## Problem to solve
Word for word, set down the lines from the one that contains "శాప్ కార్యాలయం ఘటనపై" through the final line of the data; no pictures belong in the copy.
Supplied material below:
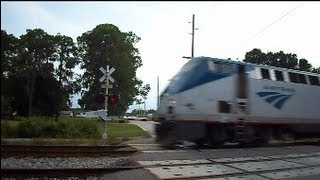 preview picture of video 'Amtrak Train The Silver Star Northbound 92'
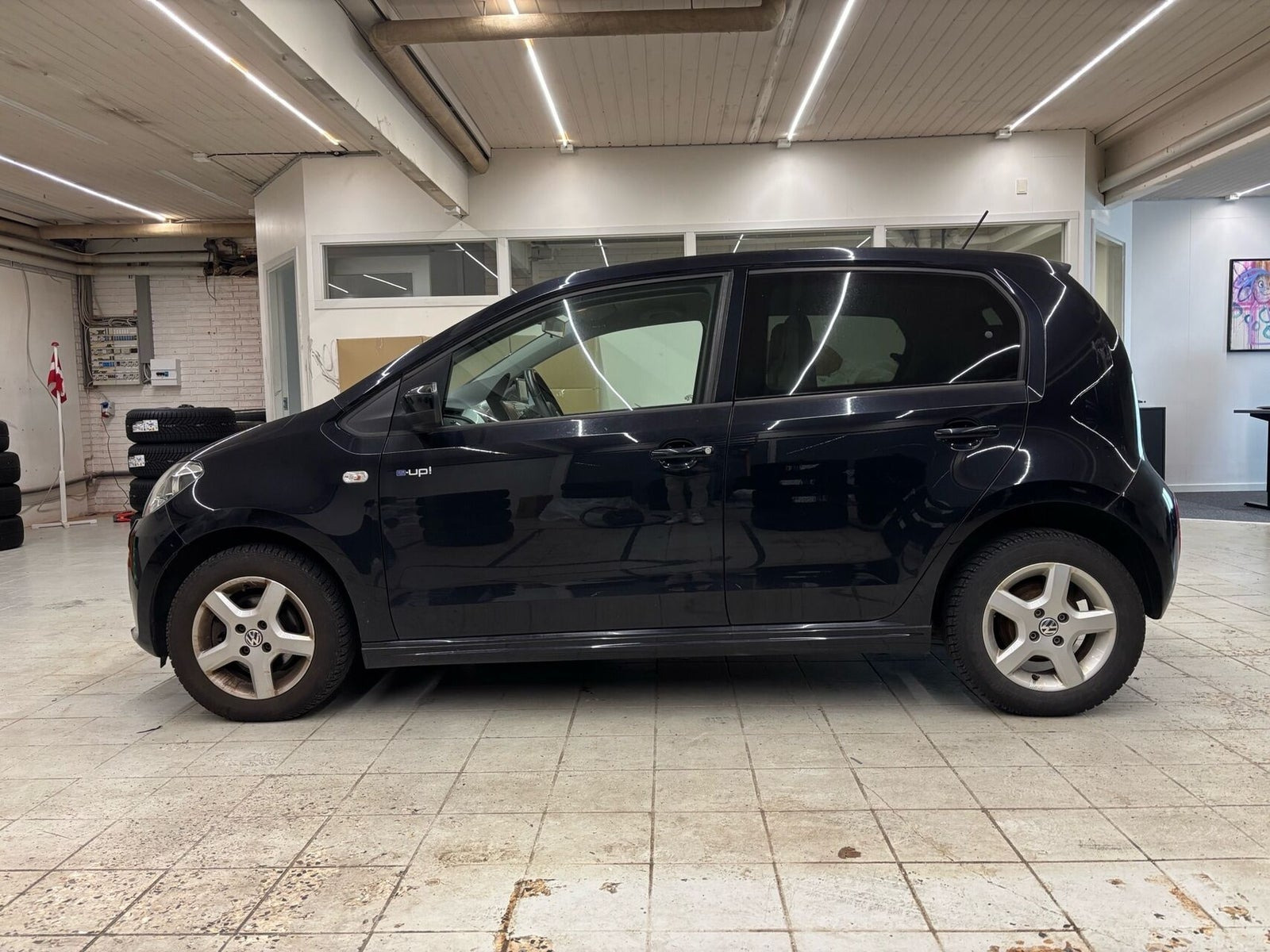 Sort VW E-UP! fra 2014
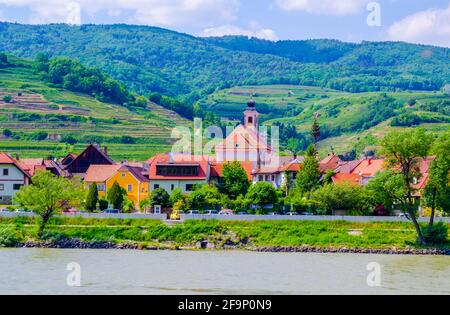 La ville de Spitz an der Donau, le long du Danube, dans la pittoresque vallée de Wachau, site classé au patrimoine mondial de l'UNESCO, en Basse-Autriche. Banque D'Images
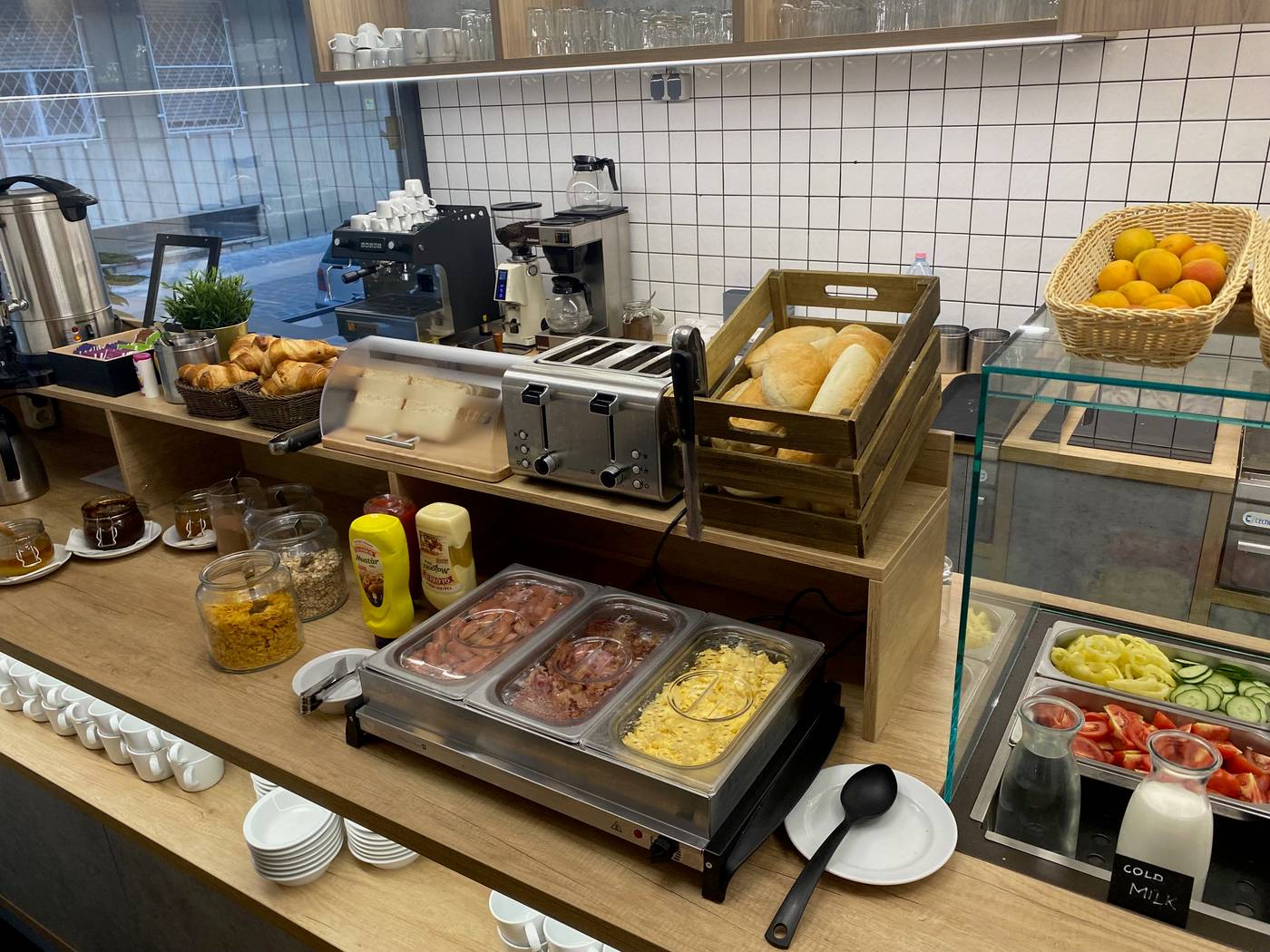 Hotel-Orion-Varkert-Restaurant-37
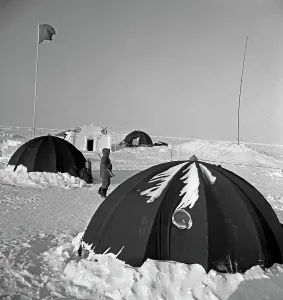 Egorov: Polar station North Pole-5 in Arctic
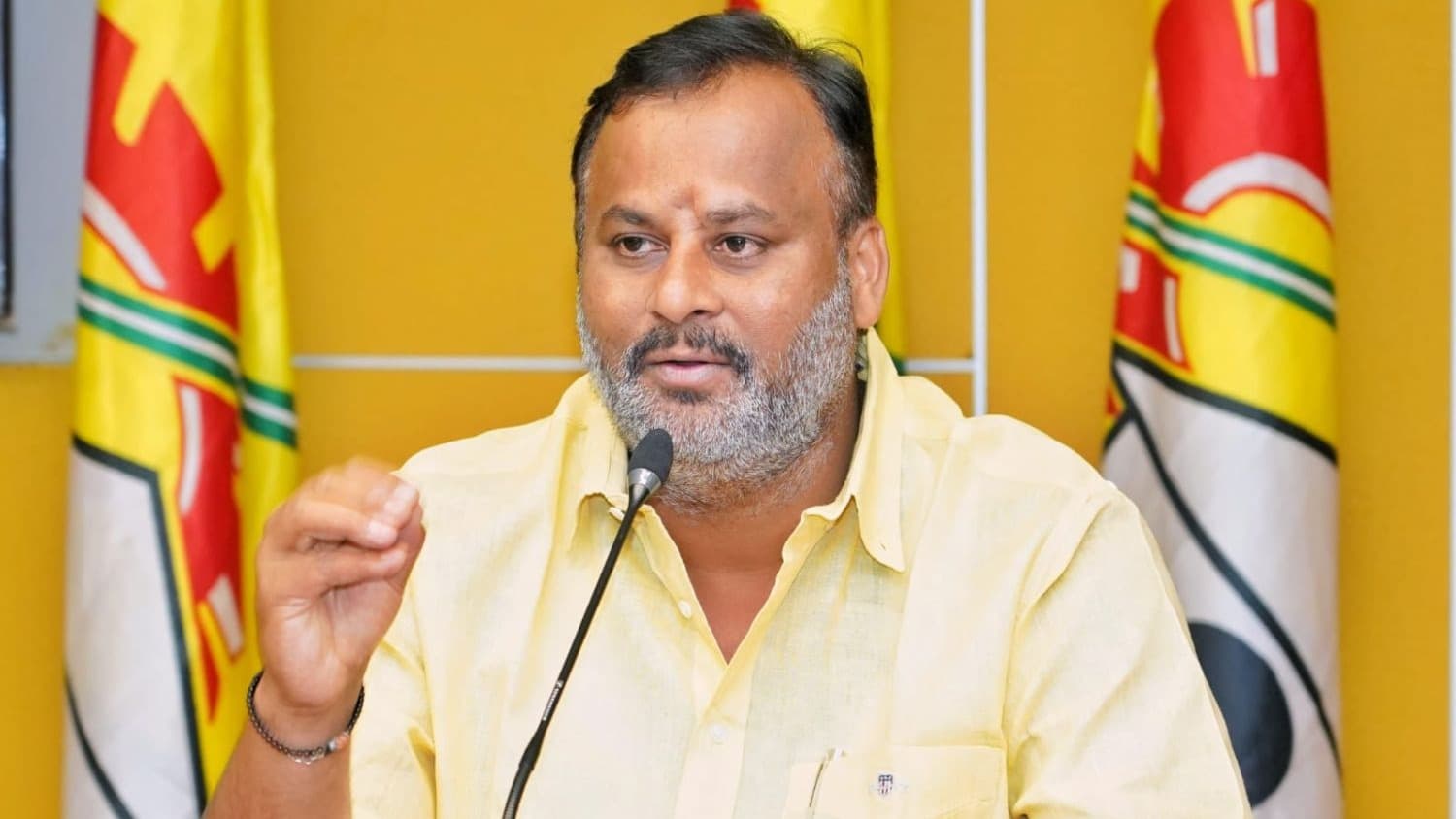 శాప్ కార్యాలయం ఘటనపై మంత్రి మండిపల్లి రాంప్రసాద్ రెడ్డి ఆగ్రహం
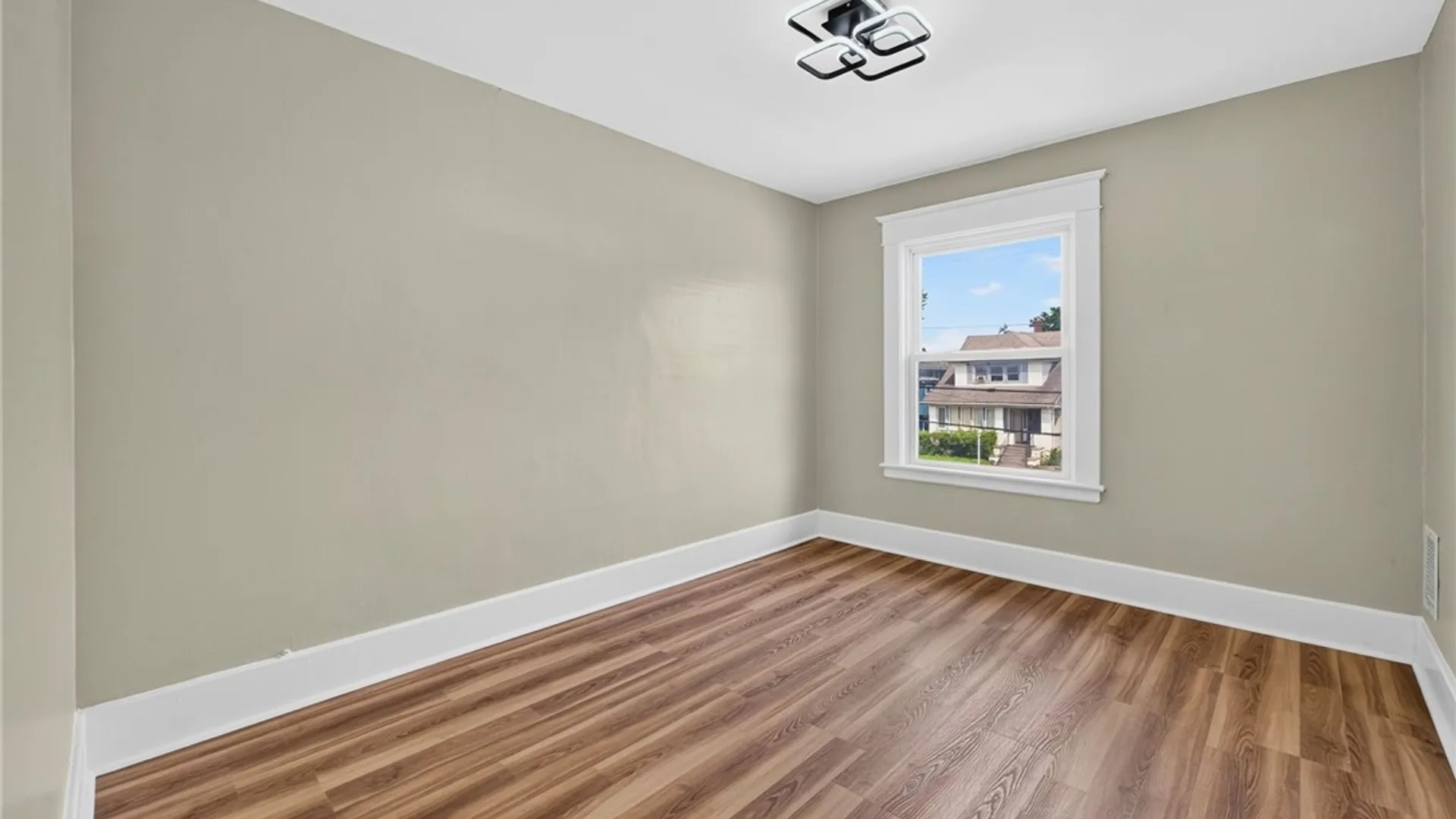 Property at 22 Comstock Avenue, Buffalo, NY 14215 33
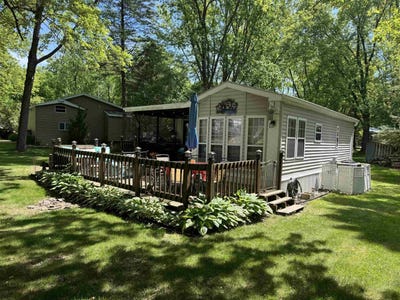 /international/us/208-hillside-drive-edgerton-wi-110108382337/
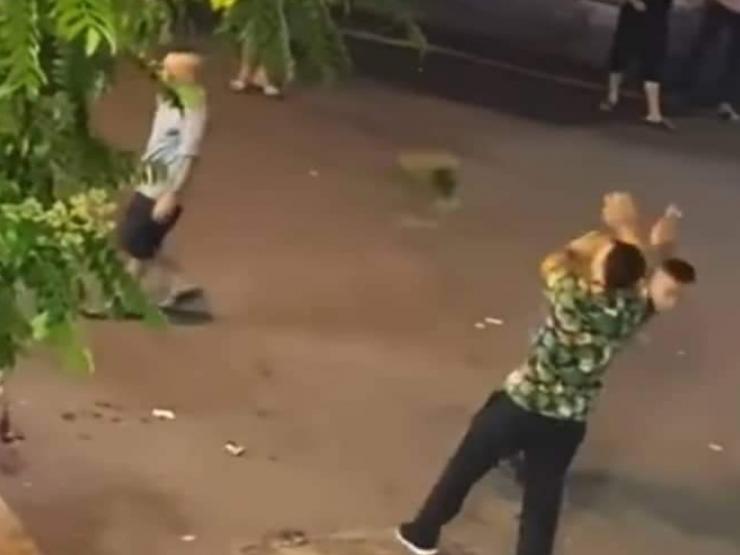 Pháp luật - Công an thông tin vụ xô xát giữa du khách ngoại quốc và nhóm thanh niên ở Hà Nội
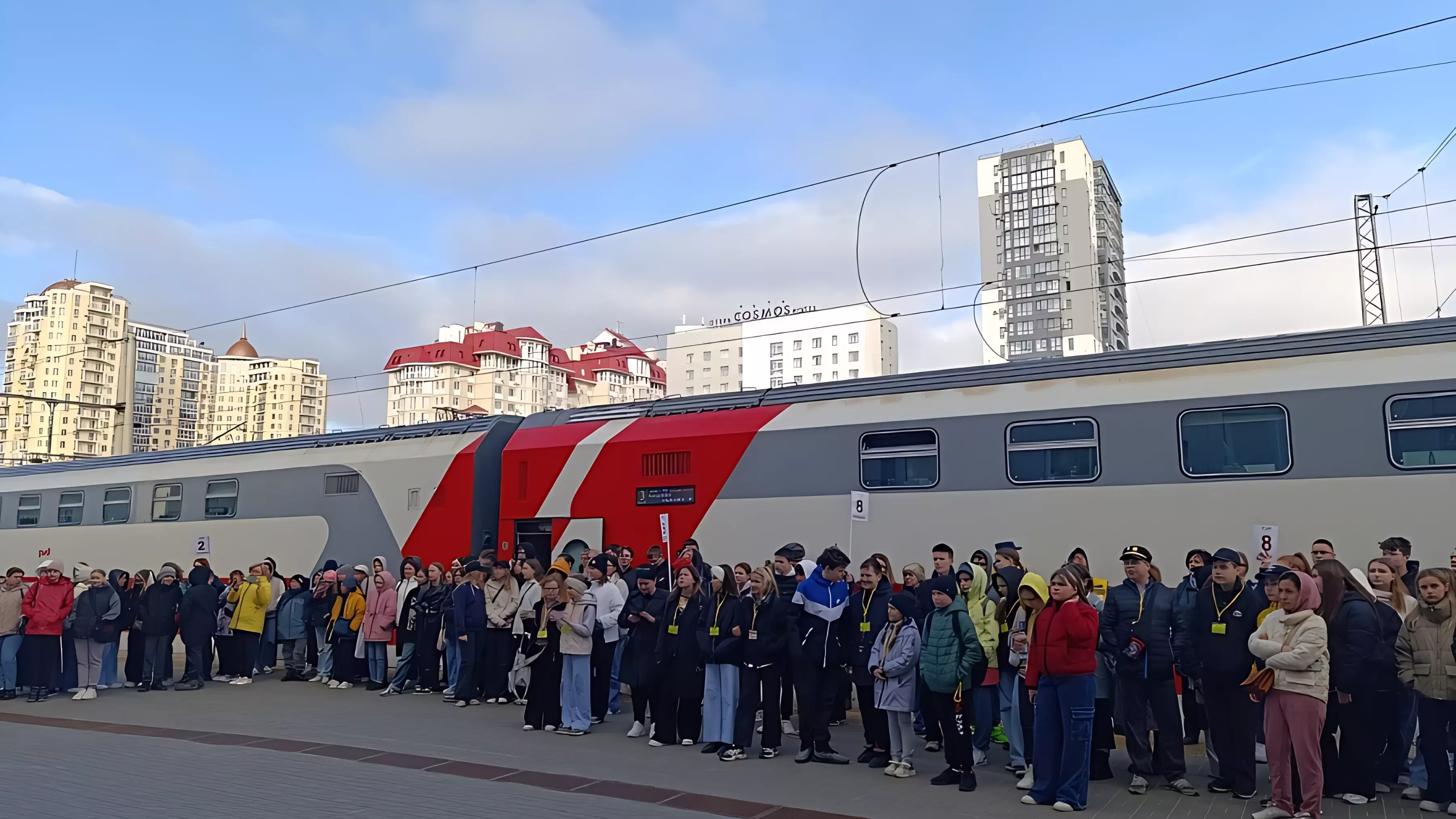 Первый в этом году туристический поезд прибыл в Волгоград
End of Supplied material.
## Answer to the problem
 శాప్ కార్యాలయం ఘటనపై మంత్రి మండిపల్లి రాంప్రసాద్ రెడ్డి ఆగ్రహం
 Property at 22 Comstock Avenue, Buffalo, NY 14215 33
 /international/us/208-hillside-drive-edgerton-wi-110108382337/
 Pháp luật - Công an thông tin vụ xô xát giữa du khách ngoại quốc và nhóm thanh niên ở Hà Nội
 Первый в этом году туристический поезд прибыл в Волгоград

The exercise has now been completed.